Gegen die Personalnot an den Flughäfen in Deutschland will die Bundesregierung nun die Möglichkeit zur befristeten Anstellung ausländischer Hilfskräfte schaffen. Dies sagte Arbeitsminister Hubertus Heil (SPD) der „Bild am Sonntag” („BamS”). „Dabei wollen wir jede Form von Sozialdumping und Ausbeutung ausschließen. Die Arbeitgeber müssen Tariflohn zahlen und für die befristete Zeit anständige Unterkünfte bereitstellen.”

Bundesverkehrsminister Volker Wissing (FDP) sprach in der Zeitung von einer mit Heil und Innenministerin Nancy Faeser (SPD) abgestimmten Aktion, mit der man die Personalengpässe an deutschen Flughäfen „abstellen und eine temporäre Lösung präsentieren” wolle. Faeser ergänzte: „Wir werden ermöglichen, dass Hilfskräfte aus dem Ausland zum Beispiel bei der Gepäckabfertigung eingesetzt werden.” Hier gelte: „Bei der Sicherheit gibt es keine Abstriche.”

Unter Berufung auf Regierungskreise schrieb die Zeitung, Ziel sei es, eine vierstellige Zahl an Fachkräften aus der Türkei zu holen, die bestenfalls schon ab Juli für einige Monate eingesetzt werden könnten. Kurz vor Beginn der Haupturlaubszeit hatte etwa die Lufthansa angekündigt, insgesamt knapp 3000 Flüge an ihren Drehkreuzen Frankfurt und München zu streichen, weil sich vermehrt Besatzungen wegen Corona-Fällen krankmeldeten.

Die Gewerkschaft der Polizei (GdP) begrüßte den Vorstoß der Bundesregierung. Dies sei insbesondere bei der Gepäckabfertigung hilfreich. Bei den Luftsicherheitskontrollen dürften jedoch nur „qualifizierte und zertifizierte Kräfte” eingesetzt werden, sagte GdP-Landesvorstand Arnd Krummen der „Westdeutschen Allgemeinen Zeitung” (Montag).

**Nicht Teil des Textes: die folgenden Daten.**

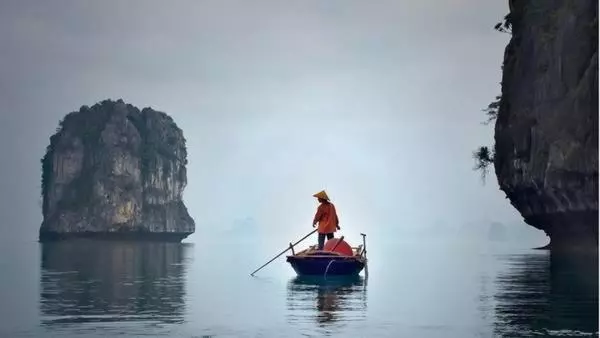 هتل Babylon Ha Long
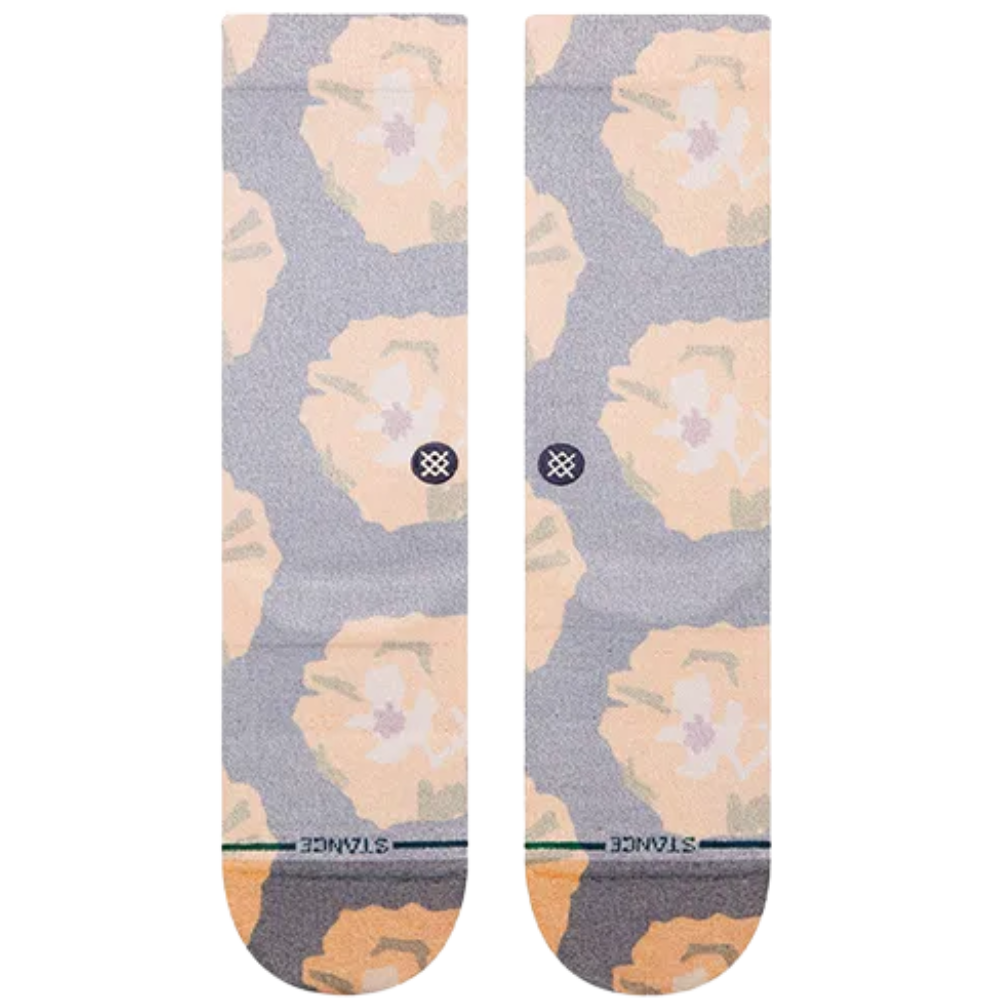 Yellow Brick Crew Navy Bild 2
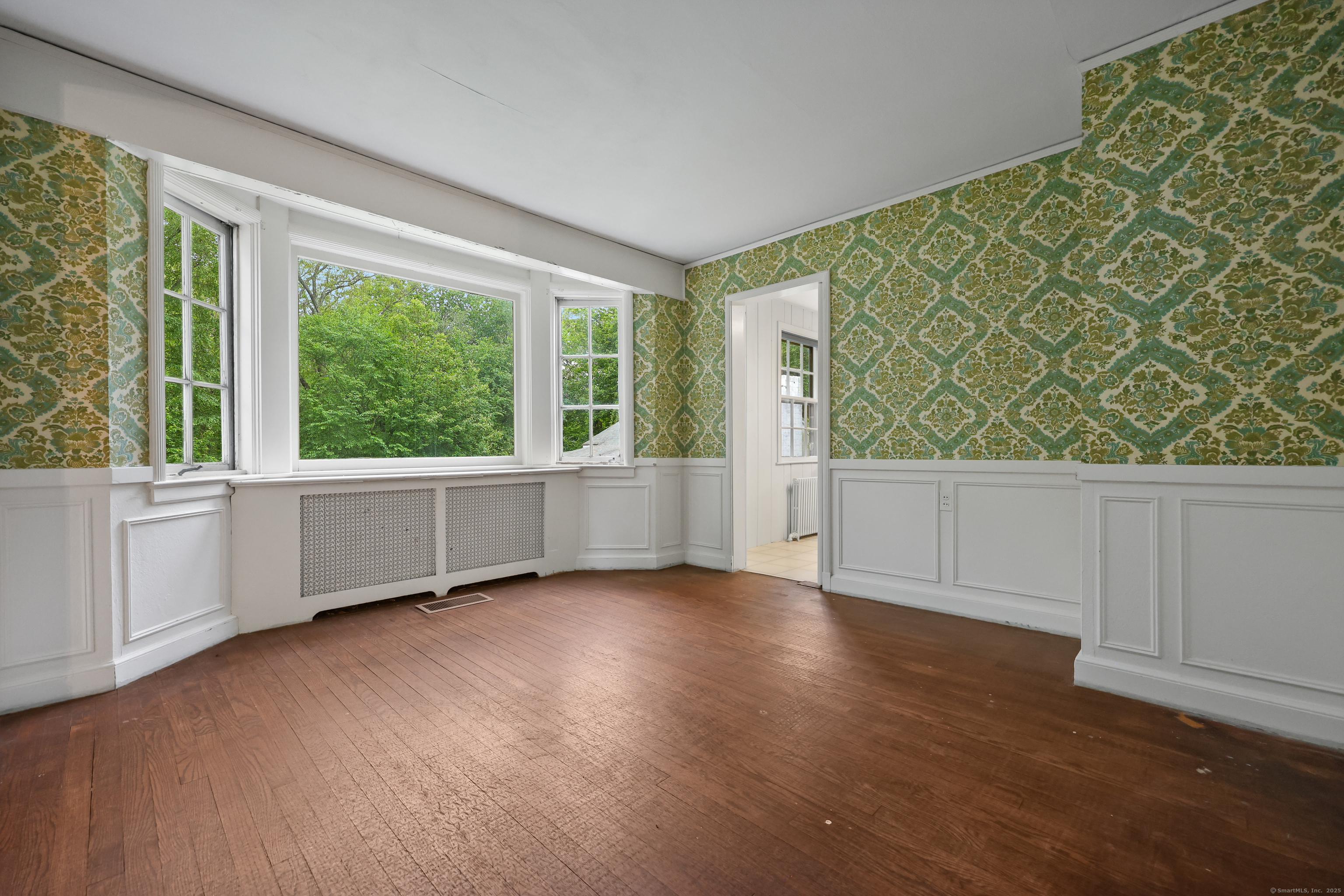 16 Katydid Lane Property Photo 10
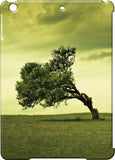 TheLostPuppy Back Cover for Apple iPad Air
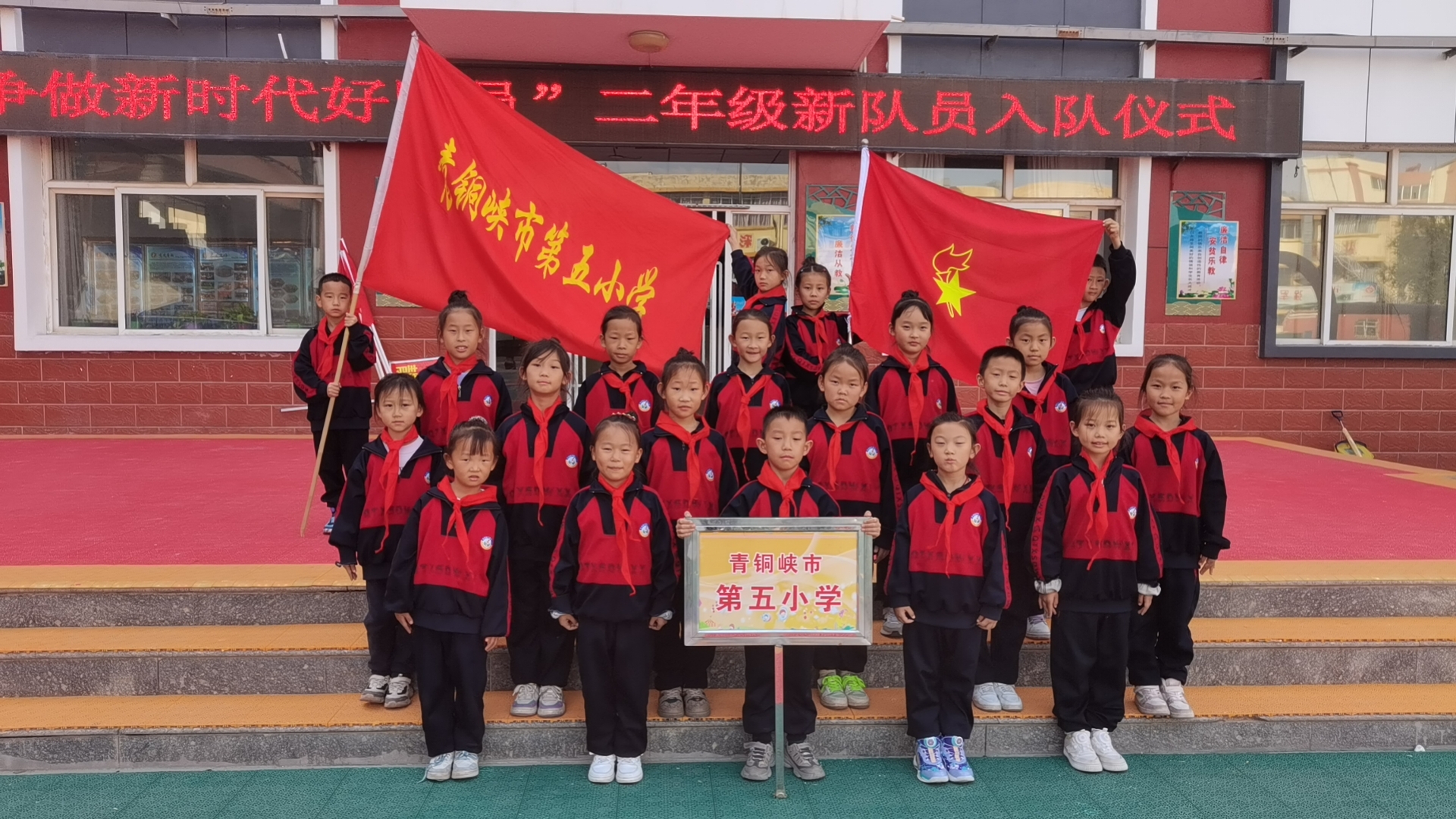 图片1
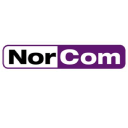 NorCom Information Technology GmbH & Co. KGaA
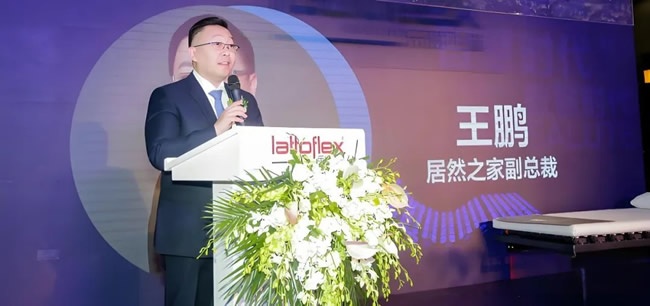 一周观察
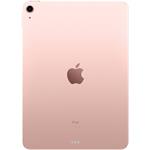 Apple iPad Air 10.9" Wi-Fi + Cellular 64GB, ružový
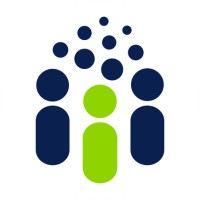 Integra Capital Humano SC Logo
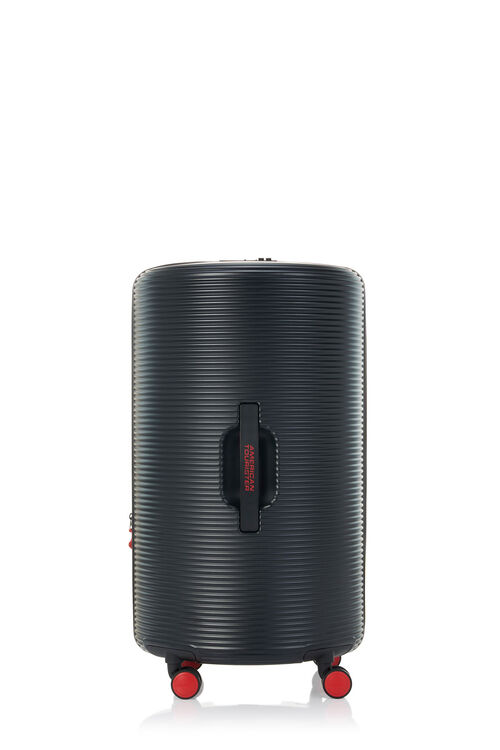 ROLLIO MEDIUM (75 cm)  hi-res | American Tourister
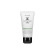 ANTONIO AXU Repairing Conditioner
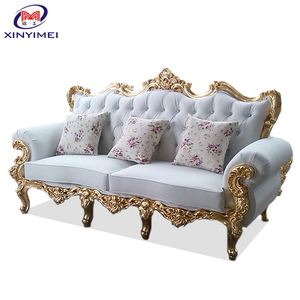 <span class=keywords><strong>Muebles</strong></span> de sofá de cuero súper cómodos <span class=keywords><strong>baratos</strong></span> - Product Image 2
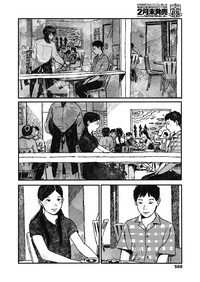 第28页图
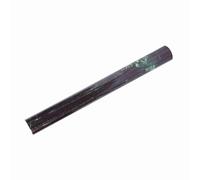 Focket PVC PVC CHOSTER Tank Forest Forest for Decoration of Autochanal Decoration Caveter Fish Tanks pour Les Amateurs de Poissons (76 * 46 cm)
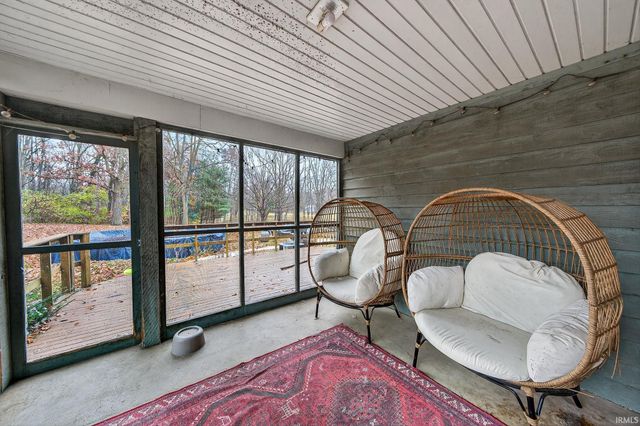 15061 Yorkshire Drive, Plymouth, IN 46563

Bereits am Freitag - dem letzten NRW-Schultag - war es an den Flughäfen Köln/Bonn und Düsseldorf zu langen Schlangen an den Sicherheitskontrollen und Check-in-Schaltern gekommen. Da viele Menschen nach der coronabedingten Zwangspause wieder in den Urlaub fliegen, verliere das Auto etwas an Bedeutung, hatte der ADAC prognostiziert. Entsprechend ruhig blieb es auf den Autobahnen in NRW, auf denen nicht nur die Reisewelle ausblieb, sondern zeitweise sogar weniger los war als an einem normalen Wochenende.

Die Deutsche Bahn verzeichnete dagegen verstärkten Reiseverkehr. Es sei mehr los als an normalen Wochenenden, sagte ein Sprecher. Hinzu kommt noch das 9-Euro-Ticket, das es nun seit fast vier Wochen gibt. Damit können Fahrgäste im Juni, Juli und August im Öffentlichen Personennahverkehr (ÖPNV) durch ganz Deutschland reisen.

„Natürlich wird es auf den einzelnen Regionalverkehrsstrecken, zwischen den großen Städten in NRW und Richtung Nordsee zu angespannten Situationen kommen”, teilte der Präsident des Verbands Deutscher Verkehrsunternehmen (VDV) der Deutschen Presse-Agentur mit Blick auf den Ferienbeginn mit. Auch im Bahnverkehr gab es am Sonntag in NRW Probleme mit Personalmangel: Wegen kurzfristiger Personalausfälle fielen Zugverbindungen aus, meldete die Eurobahn.

Als erstes der 16 deutschen Bundesländer war mit Nordrhein-Westfalen das bevölkerungsreichste Land am Freitag in die Sommerferien gestartet. Eine Woche später folgen die Küstenländer Schleswig-Holstein und Mecklenburg-Vorpommern, am Mittwoch danach (6.7.) Hamburg, Berlin und Brandenburg. Als letzte sind die südlichen Länder Baden-Württemberg und Bayern an der Reihe - Ende Juli beziehungsweise zum 1. August.